When your financial plan is going the wrong way, get off the bus – Orange County Register

When it comes to planning your estate or business, never feel like it’s too late or the current situation is too desperate to make a change.

Growing up in Hollywood in the 80s, most of our substitute teachers were “on break” actors who were happy to share their unusual life experiences. During our third-period class, a sub, a smoky-toned voice actor, openly grieved over a bad breakup and his professional failures. The way he portrayed his life rivaled the madness of what we saw recently in the Johnny Depp vs. Amber Heard libel case on TV.

While the lesson was probably too adult for public school, it contained a gem of advice that I still use with my clients. He repeatedly asked us, “When you’re on the wrong bus, do you stay on the wrong bus or do you get off?” Each time, our class responded by shouting, “Get off the bus!”

Here are two stories of clients who were only able to achieve what they wanted after changing their “route”.

Nancy and Daniel were a successful married couple in their 60s with three adult children and four grandchildren. Their house was paid for; they owned a profitable business and valuable real estate. Like many couples their age, cancer came as a surprise and Nancy’s terminal diagnosis changed everything.

The couple assured me that all of their estate planning was complete. They had gone to a free seminar where they learned about inter vivos trusts, and the lawyer prepared the documents in a large hardcover book at a very reasonable rate.

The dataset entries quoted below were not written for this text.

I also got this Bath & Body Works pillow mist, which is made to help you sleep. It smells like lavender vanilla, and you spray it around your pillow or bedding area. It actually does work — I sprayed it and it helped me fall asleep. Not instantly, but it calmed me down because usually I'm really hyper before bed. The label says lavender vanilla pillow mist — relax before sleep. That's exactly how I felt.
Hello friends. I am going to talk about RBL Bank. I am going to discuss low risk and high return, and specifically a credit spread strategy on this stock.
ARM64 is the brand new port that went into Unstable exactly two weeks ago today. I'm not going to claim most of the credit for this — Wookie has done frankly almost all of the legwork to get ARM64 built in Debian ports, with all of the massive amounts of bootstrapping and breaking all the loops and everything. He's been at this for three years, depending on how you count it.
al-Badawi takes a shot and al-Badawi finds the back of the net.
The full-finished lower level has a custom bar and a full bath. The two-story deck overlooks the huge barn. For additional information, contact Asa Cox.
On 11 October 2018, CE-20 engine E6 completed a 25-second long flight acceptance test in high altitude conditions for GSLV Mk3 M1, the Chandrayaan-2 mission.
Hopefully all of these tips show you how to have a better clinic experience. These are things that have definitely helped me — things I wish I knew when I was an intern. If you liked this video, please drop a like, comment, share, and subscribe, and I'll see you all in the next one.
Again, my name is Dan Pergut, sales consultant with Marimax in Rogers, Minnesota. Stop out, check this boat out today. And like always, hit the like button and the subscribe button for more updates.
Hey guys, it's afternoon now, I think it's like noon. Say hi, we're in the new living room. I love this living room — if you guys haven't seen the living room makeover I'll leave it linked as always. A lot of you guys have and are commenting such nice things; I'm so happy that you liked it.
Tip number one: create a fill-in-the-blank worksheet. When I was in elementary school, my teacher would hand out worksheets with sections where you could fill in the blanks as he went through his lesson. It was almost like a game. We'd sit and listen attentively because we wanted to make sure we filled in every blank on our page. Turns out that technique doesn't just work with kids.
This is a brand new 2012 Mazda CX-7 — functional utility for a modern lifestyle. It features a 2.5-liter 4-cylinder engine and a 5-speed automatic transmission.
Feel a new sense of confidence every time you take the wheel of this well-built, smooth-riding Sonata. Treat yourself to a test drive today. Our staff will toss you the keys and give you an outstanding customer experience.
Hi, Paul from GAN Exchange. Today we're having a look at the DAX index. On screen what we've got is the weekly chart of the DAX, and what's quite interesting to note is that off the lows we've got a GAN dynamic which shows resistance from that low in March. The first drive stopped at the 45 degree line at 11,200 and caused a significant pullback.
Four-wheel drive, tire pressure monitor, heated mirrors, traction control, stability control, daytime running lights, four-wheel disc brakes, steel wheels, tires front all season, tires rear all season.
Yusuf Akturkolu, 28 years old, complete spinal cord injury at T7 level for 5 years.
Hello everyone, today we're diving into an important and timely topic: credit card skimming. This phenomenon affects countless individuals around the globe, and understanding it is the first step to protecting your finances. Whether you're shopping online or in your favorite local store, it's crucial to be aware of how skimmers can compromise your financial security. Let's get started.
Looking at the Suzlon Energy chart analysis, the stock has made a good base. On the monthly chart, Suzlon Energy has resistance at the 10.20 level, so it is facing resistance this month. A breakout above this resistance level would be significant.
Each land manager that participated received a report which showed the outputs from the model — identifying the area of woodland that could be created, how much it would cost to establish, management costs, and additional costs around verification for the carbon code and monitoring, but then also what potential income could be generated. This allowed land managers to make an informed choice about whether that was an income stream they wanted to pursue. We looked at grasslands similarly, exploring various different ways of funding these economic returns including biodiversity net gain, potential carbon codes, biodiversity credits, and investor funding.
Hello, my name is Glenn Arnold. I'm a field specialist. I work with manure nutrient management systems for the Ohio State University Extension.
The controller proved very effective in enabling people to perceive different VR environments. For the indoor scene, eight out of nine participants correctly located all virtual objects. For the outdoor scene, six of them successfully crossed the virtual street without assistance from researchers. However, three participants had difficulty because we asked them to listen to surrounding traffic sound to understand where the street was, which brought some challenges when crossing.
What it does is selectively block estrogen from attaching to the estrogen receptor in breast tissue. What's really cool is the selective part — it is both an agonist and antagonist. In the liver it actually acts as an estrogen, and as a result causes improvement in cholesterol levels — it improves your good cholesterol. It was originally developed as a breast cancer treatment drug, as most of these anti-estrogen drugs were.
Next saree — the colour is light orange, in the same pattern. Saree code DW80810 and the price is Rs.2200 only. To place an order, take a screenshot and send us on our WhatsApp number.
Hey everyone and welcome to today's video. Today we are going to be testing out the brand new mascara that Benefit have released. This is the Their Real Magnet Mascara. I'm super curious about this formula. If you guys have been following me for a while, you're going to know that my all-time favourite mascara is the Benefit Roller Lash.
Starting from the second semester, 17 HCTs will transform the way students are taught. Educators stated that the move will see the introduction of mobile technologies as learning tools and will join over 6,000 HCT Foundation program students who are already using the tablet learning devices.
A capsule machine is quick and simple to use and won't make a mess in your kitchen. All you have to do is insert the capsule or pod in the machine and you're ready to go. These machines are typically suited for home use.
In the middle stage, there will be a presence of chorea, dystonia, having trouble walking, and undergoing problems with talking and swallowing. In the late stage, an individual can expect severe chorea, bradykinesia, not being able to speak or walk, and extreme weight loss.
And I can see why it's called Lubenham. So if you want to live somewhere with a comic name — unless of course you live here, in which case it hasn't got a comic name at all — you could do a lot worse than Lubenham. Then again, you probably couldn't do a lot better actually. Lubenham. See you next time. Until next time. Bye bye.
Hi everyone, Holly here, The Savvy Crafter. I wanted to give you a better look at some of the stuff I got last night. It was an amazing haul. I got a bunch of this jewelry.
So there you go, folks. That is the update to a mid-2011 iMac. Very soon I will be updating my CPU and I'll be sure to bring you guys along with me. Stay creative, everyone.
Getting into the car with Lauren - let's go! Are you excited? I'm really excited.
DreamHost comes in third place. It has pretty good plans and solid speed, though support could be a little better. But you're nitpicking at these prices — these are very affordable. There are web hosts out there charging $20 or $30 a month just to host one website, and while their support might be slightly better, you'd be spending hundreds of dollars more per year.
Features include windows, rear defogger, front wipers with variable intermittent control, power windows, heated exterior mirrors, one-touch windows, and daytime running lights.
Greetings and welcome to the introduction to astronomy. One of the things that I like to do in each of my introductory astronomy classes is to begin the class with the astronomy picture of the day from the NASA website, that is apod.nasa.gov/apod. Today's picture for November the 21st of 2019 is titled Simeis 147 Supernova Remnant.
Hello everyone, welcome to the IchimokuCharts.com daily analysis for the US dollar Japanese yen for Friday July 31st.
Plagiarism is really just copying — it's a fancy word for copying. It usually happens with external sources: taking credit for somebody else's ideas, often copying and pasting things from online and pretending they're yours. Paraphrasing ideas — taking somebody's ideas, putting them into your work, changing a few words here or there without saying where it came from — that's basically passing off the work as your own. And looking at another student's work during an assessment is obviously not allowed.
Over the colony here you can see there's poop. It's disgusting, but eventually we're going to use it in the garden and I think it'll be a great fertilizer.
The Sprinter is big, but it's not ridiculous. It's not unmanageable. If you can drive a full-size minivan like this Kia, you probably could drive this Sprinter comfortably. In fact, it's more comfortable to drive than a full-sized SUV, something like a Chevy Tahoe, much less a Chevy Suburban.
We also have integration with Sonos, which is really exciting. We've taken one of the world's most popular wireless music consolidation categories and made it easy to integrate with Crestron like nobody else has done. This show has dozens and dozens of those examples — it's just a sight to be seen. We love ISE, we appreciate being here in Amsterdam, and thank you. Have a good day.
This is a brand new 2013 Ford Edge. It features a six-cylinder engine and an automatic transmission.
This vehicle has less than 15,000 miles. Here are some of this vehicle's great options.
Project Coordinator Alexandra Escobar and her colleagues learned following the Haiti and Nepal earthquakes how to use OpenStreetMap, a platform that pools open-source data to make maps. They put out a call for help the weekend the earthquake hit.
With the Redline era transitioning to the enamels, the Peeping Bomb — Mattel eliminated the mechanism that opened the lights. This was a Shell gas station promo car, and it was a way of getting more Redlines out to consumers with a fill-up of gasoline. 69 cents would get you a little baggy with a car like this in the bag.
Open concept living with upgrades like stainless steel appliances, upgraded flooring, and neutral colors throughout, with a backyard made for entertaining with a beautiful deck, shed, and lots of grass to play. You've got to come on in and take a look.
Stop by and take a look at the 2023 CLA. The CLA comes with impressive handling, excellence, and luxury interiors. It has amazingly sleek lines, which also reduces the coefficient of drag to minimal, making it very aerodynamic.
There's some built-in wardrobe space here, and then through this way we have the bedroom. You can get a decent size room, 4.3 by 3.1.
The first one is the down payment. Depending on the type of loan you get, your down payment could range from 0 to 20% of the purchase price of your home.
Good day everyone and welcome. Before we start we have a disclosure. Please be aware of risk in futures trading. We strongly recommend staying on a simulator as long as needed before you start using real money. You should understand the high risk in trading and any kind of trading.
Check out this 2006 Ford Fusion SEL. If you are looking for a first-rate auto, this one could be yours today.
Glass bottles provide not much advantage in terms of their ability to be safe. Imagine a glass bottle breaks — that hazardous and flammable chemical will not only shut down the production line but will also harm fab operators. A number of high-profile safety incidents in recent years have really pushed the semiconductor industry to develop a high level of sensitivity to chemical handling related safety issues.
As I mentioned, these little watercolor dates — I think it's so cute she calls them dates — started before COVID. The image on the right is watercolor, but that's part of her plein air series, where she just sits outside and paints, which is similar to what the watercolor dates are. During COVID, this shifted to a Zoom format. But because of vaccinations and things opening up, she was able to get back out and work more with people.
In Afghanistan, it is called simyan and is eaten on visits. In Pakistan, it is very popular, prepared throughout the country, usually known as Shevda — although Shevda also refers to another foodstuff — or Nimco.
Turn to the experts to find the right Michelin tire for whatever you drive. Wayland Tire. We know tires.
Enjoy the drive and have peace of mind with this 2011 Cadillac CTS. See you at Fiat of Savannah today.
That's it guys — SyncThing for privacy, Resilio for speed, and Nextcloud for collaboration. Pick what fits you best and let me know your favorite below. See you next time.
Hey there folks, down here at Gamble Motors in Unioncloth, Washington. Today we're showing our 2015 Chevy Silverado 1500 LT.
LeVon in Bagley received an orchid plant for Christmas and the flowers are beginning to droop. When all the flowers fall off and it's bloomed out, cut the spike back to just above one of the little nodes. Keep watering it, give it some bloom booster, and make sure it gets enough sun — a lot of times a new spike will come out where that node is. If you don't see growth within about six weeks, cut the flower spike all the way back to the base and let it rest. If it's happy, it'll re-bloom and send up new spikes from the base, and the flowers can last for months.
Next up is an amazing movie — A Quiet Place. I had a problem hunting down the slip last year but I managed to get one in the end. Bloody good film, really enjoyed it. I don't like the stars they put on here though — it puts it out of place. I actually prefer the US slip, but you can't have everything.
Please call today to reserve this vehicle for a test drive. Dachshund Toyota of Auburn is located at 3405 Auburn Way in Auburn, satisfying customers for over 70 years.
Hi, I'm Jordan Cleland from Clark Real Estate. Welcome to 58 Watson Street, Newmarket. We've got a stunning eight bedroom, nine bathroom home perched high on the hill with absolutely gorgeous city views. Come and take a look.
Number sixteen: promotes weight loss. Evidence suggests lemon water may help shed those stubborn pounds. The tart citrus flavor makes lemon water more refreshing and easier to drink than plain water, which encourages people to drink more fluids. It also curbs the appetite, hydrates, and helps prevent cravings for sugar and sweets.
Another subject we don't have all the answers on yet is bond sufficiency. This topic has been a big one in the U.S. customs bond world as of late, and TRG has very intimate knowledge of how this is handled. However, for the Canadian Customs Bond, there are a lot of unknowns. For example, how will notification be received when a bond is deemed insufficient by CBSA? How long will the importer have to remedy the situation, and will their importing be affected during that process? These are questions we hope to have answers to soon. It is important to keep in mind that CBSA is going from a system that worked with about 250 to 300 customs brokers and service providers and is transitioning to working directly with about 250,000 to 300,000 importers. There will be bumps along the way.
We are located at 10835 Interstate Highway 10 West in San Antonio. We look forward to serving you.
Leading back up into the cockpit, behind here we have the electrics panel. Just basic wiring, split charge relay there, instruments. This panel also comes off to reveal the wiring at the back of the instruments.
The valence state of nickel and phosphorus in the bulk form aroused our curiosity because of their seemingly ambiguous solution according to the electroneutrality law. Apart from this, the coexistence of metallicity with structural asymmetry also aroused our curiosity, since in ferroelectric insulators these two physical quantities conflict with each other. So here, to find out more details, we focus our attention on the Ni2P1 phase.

Nancy expressed concerns about what would happen when she left. She intended her “half” to go to her children. She didn’t want her savings to go to another woman. Nancy didn’t think her husband would wait long before starting a new relationship. She made it clear that she didn’t want “prostitutes” moving into their family home.

I’m not a lawyer, but the trust had no provision for Nancy’s wishes. She said she felt it was too late to do anything because she was sick. As his mind was still clear, it was not too late. It took a few phone calls to find a qualified trust attorney who met with her at her home to discuss her wishes and sign new trust documents.

Nancy appointed her daughter as trustee, and the daughter agreed to serve if I would be co-trustee as she lacked the confidence to run the trust herself. We worked so well together that his father later asked me to be co-trustee for his trust. He confessed that his main reason for asking me was so he could tell all the girlfriends asking for money that his “trustee” made all of his financial decisions (even though that wasn’t true).

The end result was that the family home and the remaining portion of Nancy’s assets were held in a trust for her children. No “other woman” has ever lived in his house.

Daniel eventually bought a new house with his new partner using assets from his trust. They lived happily together for many years and he finally gave her the house. The sweet and unusual ending was that the children were so happy with the way the partner had taken care of their father that they gave him a large cash gift when he died.

Lesson learned: It wasn’t too late for Nancy and Daniel to seek a second opinion or change their confidence. Make sure your confidence reflects your wishes.

Our clients, Marie and Peter, had a small manufacturing business that they described as “seedy”. They paid too much rent for a store in a poorly lit, dirty, tilting building adjacent to the train tracks. Their equipment was old and in poor condition. They had high turnover and few repeat customers, even though there was nothing wrong with the products and Marie was a natural salesperson.

Unfortunately, they had charged high interest credit cards to fund the opening of the business. Most of the profits were eaten up by interest, taxes and alimony for Peter’s ex-wife.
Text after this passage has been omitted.